Campus News

University’s original charter on display following restoration, conservation work

The original charter of the first state university will be displayed Jan. 27 following restoration and conservation work. The document, originally signed in Savannah in 1785, will be exhibited in observance of Founders’ Day in the main library’s Hargrett Rare Book and Manuscript Library from 8:15 a.m. to 4:45 p.m. An overview display will be on view in the lobby of the Main Library, and a Web site created by University Archives (www.libs.uga.edu/hargrett/archives/charter2.html) recounts the charter’s history. The Web site also offers images of the document’s two pages, a transcript and a 1951 history, reprinted courtesy of The Georgia Review.
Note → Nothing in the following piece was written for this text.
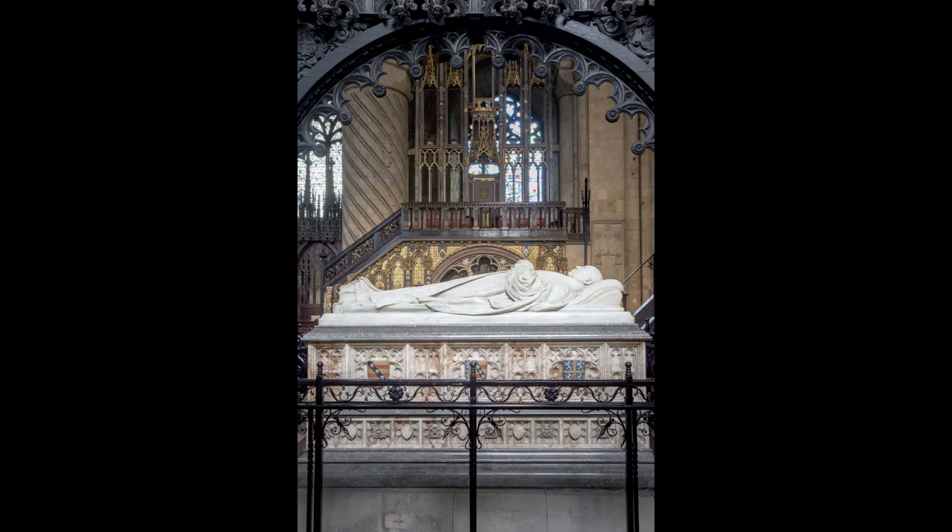On the north side of the choir in Durham Cathedral, opposite Hatfield's tomb and the bishop's throne, stands the fine Victorian monument of Joseph Barber Lightfoot, Bishop of Durham from 1879 to his death in 1889.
Due to its fragile condition, the charter rarely leaves the vault in the rare book library. In the late 1990s, a request to display the charter in Savannah was presented to the Hargrett’s director, Mary Ellen Brooks. When the local alumni saw its condition, they began a fund-raising drive for its conservation. Before finding a home at the UGA Libraries, the charter had been stored with other state papers and not treated reverentially.

“Prior to that time, its importance had not been recognized,” wrote John Olin Eidson, editor of the Georgia Review, in 1951. “It bears evidences of having been crumpled, soiled and wetted.”

The manuscript has now been cleaned and encapsulated in buffered film.

“They [the Northeast Document Conservation Center] adhere to the principles of historic and artistic conservation practices-to be minimalist in how you alter a document,” Brooks says. “It doesn’t look like a new document, but it is, in fact, conserved.”